### DATA PROVIDED
------------------------
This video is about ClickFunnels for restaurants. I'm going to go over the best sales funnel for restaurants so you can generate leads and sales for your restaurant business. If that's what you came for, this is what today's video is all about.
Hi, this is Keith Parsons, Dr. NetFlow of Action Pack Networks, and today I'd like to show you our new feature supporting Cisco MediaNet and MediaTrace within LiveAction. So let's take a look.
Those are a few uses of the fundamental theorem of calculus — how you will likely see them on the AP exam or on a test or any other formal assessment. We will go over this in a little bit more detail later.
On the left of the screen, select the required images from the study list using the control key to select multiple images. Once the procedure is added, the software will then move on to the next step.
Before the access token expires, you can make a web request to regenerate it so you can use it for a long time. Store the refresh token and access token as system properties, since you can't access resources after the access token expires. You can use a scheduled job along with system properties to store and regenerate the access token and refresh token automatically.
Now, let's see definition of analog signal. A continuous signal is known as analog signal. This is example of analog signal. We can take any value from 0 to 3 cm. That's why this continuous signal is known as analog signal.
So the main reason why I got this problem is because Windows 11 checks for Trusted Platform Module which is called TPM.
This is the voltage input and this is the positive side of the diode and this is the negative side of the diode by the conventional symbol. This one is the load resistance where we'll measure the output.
------------------------
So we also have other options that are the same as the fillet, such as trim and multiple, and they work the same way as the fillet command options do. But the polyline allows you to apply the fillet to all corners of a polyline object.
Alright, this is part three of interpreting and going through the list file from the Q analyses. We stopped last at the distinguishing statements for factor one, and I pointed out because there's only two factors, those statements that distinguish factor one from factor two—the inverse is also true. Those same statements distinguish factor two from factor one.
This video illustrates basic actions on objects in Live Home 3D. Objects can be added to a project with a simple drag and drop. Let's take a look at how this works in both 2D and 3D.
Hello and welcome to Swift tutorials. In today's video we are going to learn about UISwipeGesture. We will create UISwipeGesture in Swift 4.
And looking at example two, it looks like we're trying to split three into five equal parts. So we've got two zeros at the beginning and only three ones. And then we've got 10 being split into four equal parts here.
------------------------
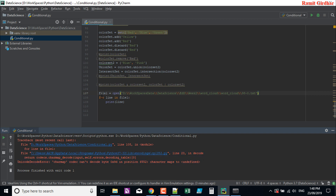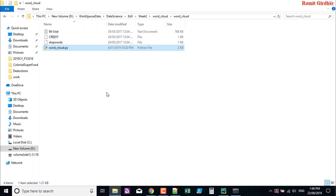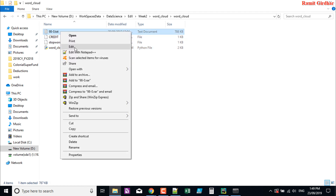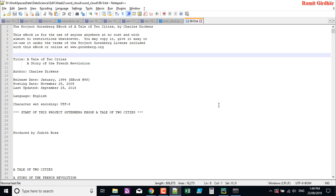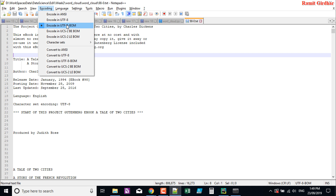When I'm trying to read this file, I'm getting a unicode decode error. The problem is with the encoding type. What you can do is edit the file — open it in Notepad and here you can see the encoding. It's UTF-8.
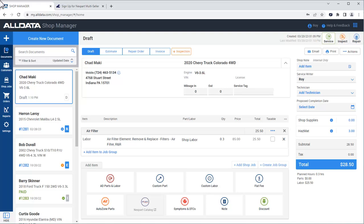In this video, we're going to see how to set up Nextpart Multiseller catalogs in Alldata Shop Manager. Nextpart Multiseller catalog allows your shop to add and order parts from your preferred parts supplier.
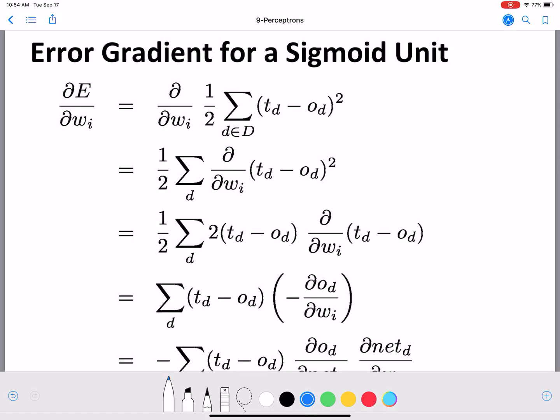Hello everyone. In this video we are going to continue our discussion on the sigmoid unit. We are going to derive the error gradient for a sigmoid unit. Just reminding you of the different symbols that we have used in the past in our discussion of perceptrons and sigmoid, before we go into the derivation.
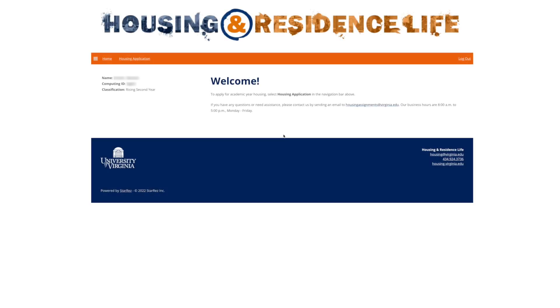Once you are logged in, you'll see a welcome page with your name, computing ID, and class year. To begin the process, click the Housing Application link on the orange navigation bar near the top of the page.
------------------------
### EXERCISE PROMPT
Pull each line containing "Those" from the records.

### WRITTEN REPLY
Those are a few uses of the fundamental theorem of calculus — how you will likely see them on the AP exam or on a test or any other formal assessment. We will go over this in a little bit more detail later.
Alright, this is part three of interpreting and going through the list file from the Q analyses. We stopped last at the distinguishing statements for factor one, and I pointed out because there's only two factors, those statements that distinguish factor one from factor two—the inverse is also true. Those same statements distinguish factor two from factor one.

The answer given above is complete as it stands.